Democracy lives in county courthouses, school gyms, church fellowship halls and city council chambers; the everyday places where neighbors decide how to live together. In Arkansas, civic life depends on whether those rooms remain places of shared responsibility rather than arenas of intimidation.
Civil disobedience is often mistaken for rule-breaking. Thoreau believed accepting punishment gives dissent its moral force. Greenbaum paid his fine. The point was not to dodge the law, but to show where it fell short.
Not every disruption is virtuous. Civil disobedience demands moral clarity and discipline. Its purpose is the drawing of a boundary. It reveals what power looks like when challenged.
Greenbaum's act did not topple the Bund.
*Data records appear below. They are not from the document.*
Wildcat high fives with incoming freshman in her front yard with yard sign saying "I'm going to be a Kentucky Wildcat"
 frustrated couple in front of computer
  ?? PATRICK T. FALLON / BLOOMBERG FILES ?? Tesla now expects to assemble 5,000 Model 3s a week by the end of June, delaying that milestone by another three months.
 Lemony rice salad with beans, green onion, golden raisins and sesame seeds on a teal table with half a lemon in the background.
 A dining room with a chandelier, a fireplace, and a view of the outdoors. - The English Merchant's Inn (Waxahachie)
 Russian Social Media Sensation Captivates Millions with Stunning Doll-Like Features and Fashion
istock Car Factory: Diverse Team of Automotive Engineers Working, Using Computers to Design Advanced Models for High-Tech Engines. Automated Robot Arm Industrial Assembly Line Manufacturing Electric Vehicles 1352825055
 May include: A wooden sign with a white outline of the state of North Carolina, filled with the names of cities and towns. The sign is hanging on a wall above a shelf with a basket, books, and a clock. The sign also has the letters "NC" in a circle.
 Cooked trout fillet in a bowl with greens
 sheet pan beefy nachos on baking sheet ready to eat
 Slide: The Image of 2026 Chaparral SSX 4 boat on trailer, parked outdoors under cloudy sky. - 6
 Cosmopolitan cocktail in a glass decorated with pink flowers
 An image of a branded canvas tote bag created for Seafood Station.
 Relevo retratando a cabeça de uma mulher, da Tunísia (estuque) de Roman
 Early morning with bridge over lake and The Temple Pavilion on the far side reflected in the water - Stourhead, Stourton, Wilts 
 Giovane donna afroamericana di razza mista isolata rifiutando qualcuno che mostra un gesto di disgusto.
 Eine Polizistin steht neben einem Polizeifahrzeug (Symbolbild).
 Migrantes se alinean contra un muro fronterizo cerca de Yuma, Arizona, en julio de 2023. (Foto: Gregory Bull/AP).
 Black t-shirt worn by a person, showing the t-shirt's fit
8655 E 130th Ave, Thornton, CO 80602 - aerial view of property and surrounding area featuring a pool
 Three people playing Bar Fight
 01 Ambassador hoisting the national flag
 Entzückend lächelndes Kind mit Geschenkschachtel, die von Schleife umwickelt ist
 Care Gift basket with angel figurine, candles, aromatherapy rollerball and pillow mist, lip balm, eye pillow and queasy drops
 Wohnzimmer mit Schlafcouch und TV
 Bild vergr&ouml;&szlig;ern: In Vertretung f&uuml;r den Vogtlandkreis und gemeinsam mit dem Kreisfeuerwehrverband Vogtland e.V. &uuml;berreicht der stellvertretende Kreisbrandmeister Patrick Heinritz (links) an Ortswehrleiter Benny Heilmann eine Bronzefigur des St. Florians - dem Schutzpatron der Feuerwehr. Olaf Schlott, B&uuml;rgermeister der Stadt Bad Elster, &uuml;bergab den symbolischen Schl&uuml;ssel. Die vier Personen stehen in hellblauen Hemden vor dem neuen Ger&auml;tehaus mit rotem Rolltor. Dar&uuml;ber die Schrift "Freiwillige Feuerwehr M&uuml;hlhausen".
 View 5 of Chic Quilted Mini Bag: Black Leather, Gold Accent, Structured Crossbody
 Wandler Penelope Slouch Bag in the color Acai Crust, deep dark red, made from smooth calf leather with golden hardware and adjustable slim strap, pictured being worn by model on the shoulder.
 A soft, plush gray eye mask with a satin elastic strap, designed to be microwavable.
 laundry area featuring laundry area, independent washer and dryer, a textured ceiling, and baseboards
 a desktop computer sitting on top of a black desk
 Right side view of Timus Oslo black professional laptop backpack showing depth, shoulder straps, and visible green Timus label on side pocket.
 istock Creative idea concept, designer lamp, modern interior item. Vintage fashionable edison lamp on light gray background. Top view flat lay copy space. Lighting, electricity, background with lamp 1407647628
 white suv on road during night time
Courts, investigations and war dismantled the movement he confronted. But his refusal forced the room to reveal itself. In a hall engineered to manufacture consensus, one man proved dissent was possible.
Democratic erosion arrives as accommodation, the slow adjustment of what we are willing to tolerate.
Thoreau understood that unjust systems depend on compliance. Greenbaum understood it too: When silence begins to mean agreement, saying no becomes an act of citizenship.
You do not need a stage to show courage. You need to know where the line is, to speak when silence would signal consent, correct a lie, stand with the person being pushed out, show up when it would be easier to stay home.
After that night in 1939, Greenbaum faded into the crowd. He did not see himself as a hero. He simply could not sit still while the room cheered for hate.
When public life turns into performance, democracy depends on those who refuse to play their assigned roles.